Finance, web brands top Chinese charts

16 September 2011

BEIJING: Financial services, telecoms and online brands are among the most valuable intangible assets in China, according to a new study.

Interbrand, the specialist consultancy, estimated that the net worth of the top 25 brands in China has increased by 18% year on year, to RMB1.3bn, 2011.

"At the current pace, it won't be too long before we are talking about the Best China Global brands," Jez Frampton, CEO of Interbrand, said. "China continues to represent an engine of opportunity for regional and global growth."
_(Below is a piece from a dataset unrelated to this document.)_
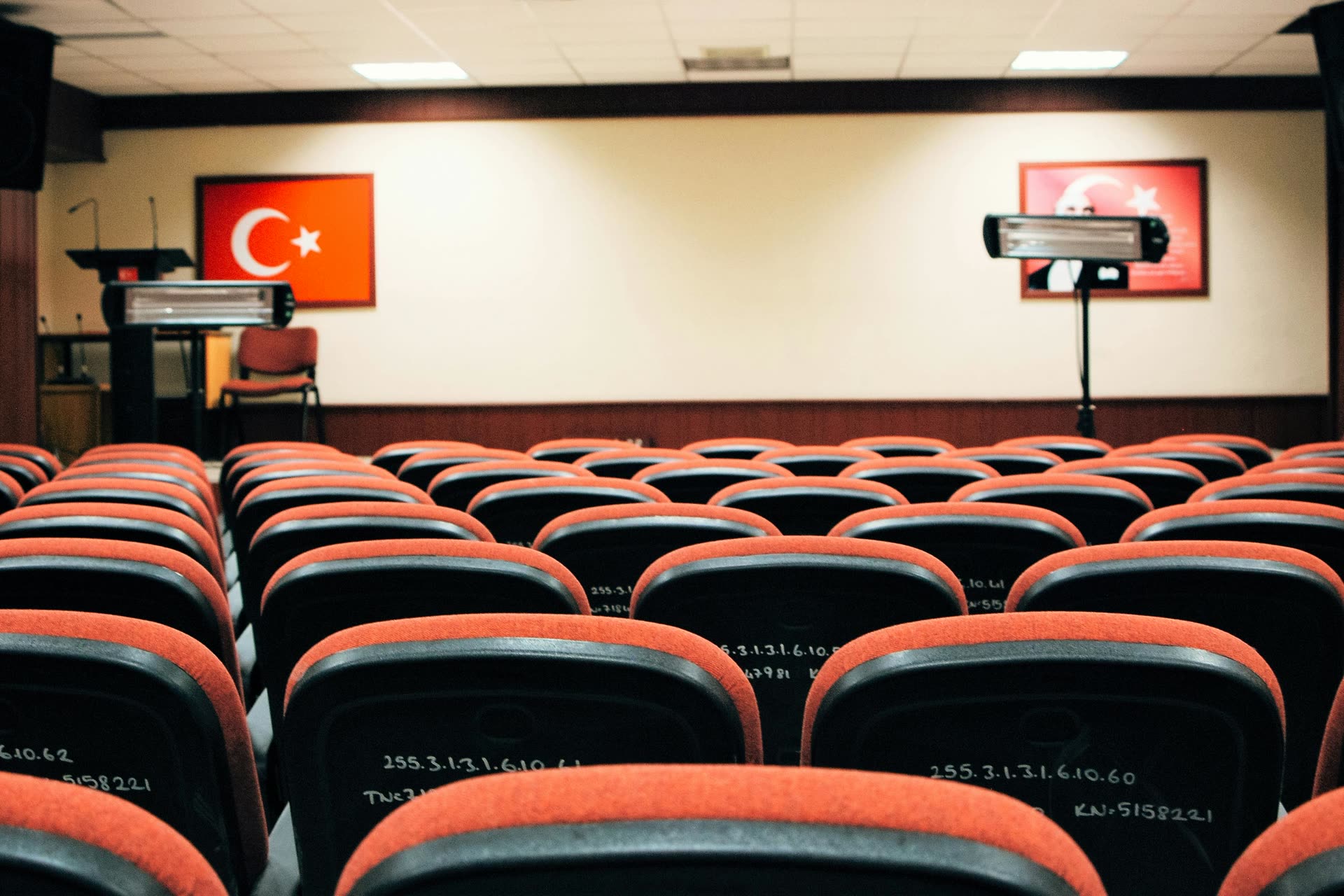Toplantı Organizasyonları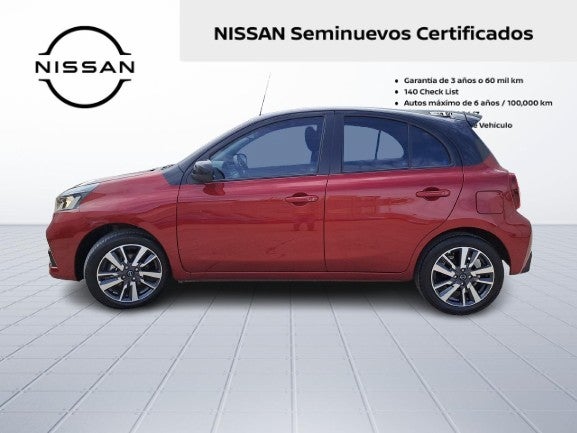 2024 Nissan MARCH MARCH EXCLUSIVE TM BI-TONO 24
China Mobile, the telecoms provider boasting 622m customers, led the charts on RMB209bn, a 3% jump when measured against 12 months ago.

Financial services brands took the next five spots, with the China Life Insurance Company up 5% to RMB104bn and the China Construction Bank improving by the same proportion, posting RMB101bn.

ICBC logged a 14% expansion to RMB88bn, the Bank of China enjoyed a 6% rise to RMB73bn, and Ping An's total grew by 5% to RMB60bn.

Tencent, the web giant, gained 76% on RMB40.3bn, Moutai, the spirits brand, was up 38% to RMB29.5bn, and the China Merchants Bank leapt 19% to RMB27.6bn.

More broadly, the combined value of internet firms rose from RMB43.9bn to RMB73.7bn, as Baidu yielded an 80% increase to RMB12.5bn, Alibaba accrued 94% to RMB7.8b and CTRIP's net worth more than doubled to RMB7.3bn.

Overall, 12 brands in the top 50 traded in the banking sector, which witnessed a lift from RMB302bn to RMB345bn, with the four featured insurance companies also up from RMB172bn to RMB191bn.

Food and beverage brands experienced a decline from RMB10bn to RMB7.6bn, largely due to safety concerns, as Yurun, on RMB2.9bn, Mengniu, on RMB2.9bn and Shuanghui on RMB1.7bn, all observed sizeable drops.

Elsewhere, the study reported that the minimum total required to secure a place in the top 50 rose by 18% on an annual basis, reaching RMB1.36bn, as recorded by the Bank of Beijing.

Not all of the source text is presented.